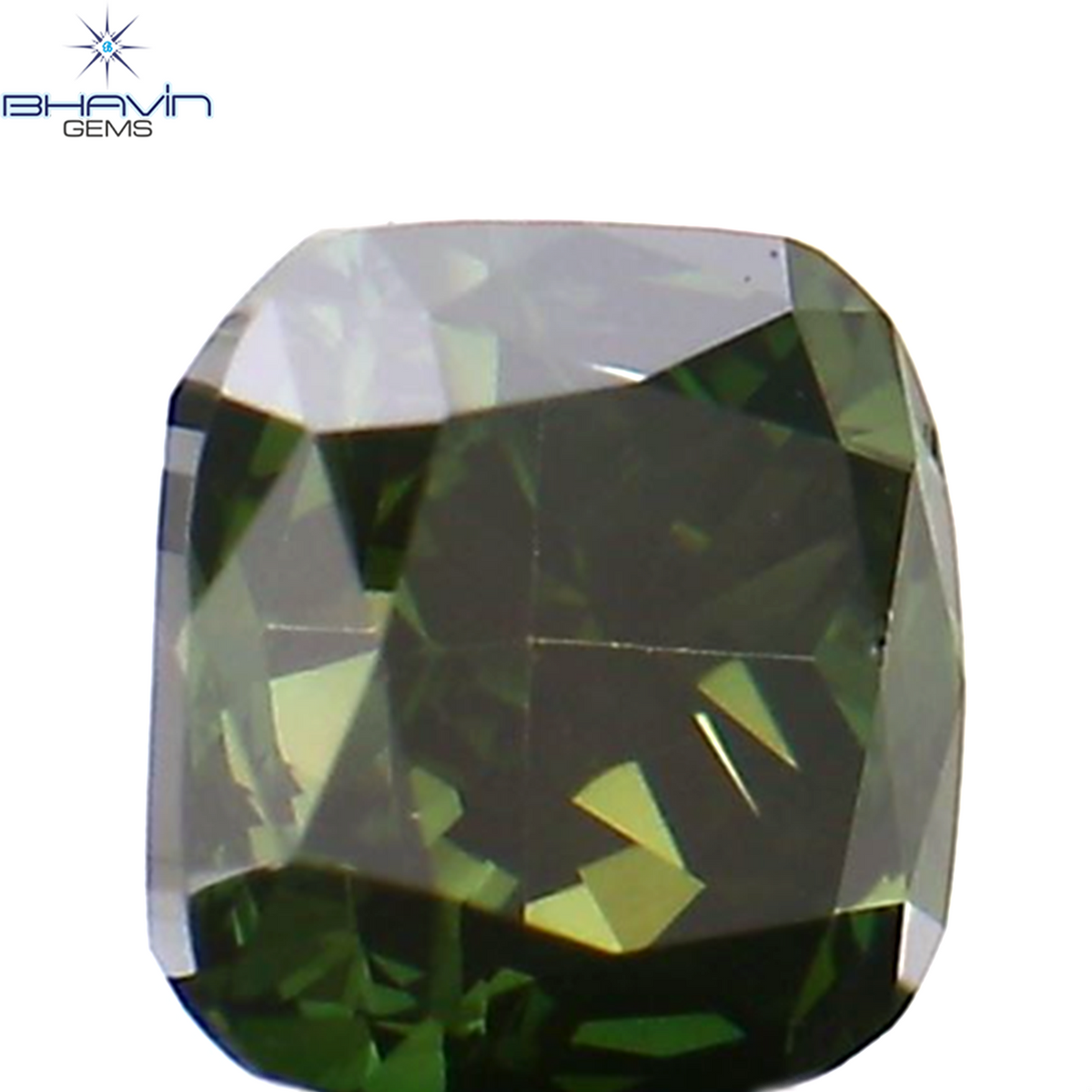 0.23 CT クッション シェイプ ナチュラル ルース ダイヤモンド 強化グリーン カラー VS1 クラリティ (3.40 MM)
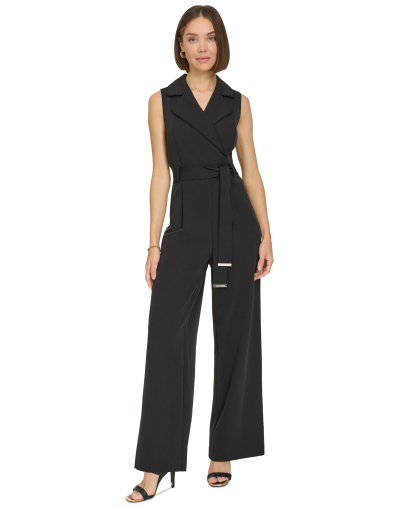Tommy Hilfiger Women's Sleeveless Belted Jumpsuit - Black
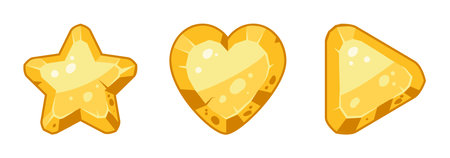 Golden game buttons. Cartoon gold stone frames and buttons, gravel rock gambling plates, golden rock stones signs flat vector illustration set. Stone buttons on whiteのイラスト素材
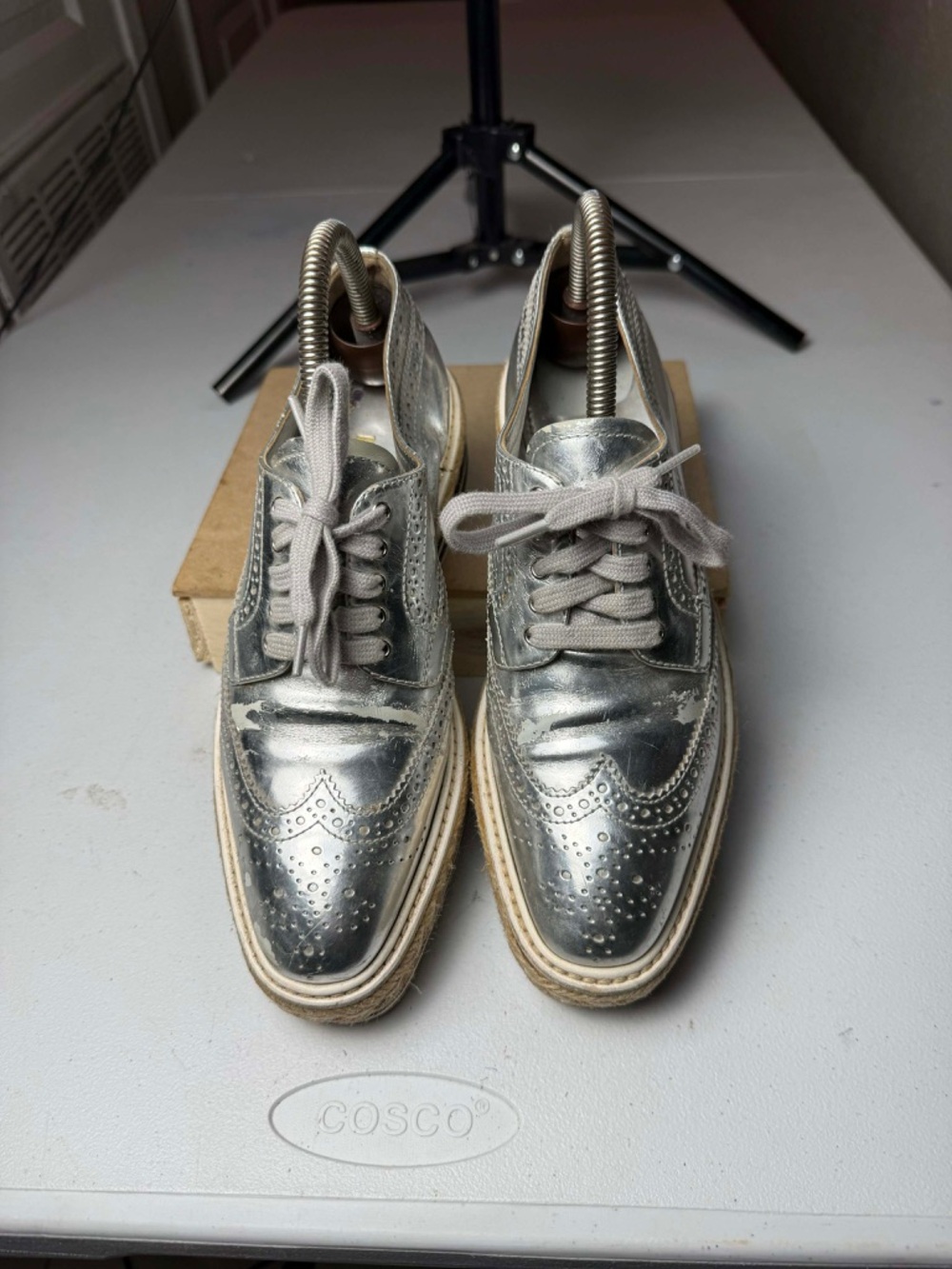 PRADA Platform Derby Dress Shoes Silver Chrome -  US 7 / EU 37 - Picture 7 of 15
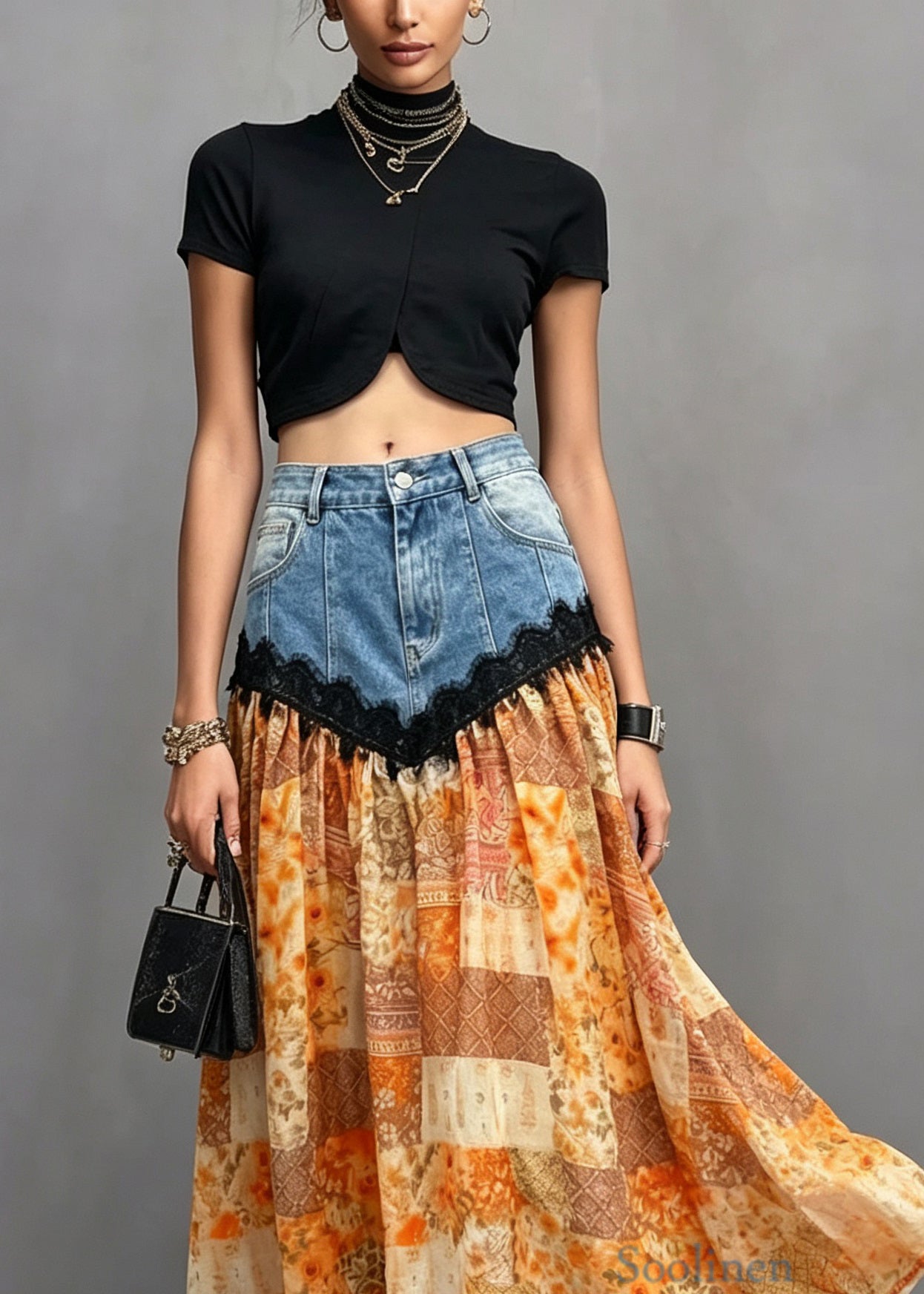 Style Orange Pockets Lace Denim Patchwork Cotton Skirt Summer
——————
What to produce — The lines to write out are those from the first line of the listing above through the line bearing "PRADA Platform Derby", both included, copied exactly with pictures dropped.

Reply —
 0.23 CT クッション シェイプ ナチュラル ルース ダイヤモンド 強化グリーン カラー VS1 クラリティ (3.40 MM)
Tommy Hilfiger Women's Sleeveless Belted Jumpsuit - Black
 Golden game buttons. Cartoon gold stone frames and buttons, gravel rock gambling plates, golden rock stones signs flat vector illustration set. Stone buttons on whiteのイラスト素材
 PRADA Platform Derby Dress Shoes Silver Chrome -  US 7 / EU 37 - Picture 7 of 15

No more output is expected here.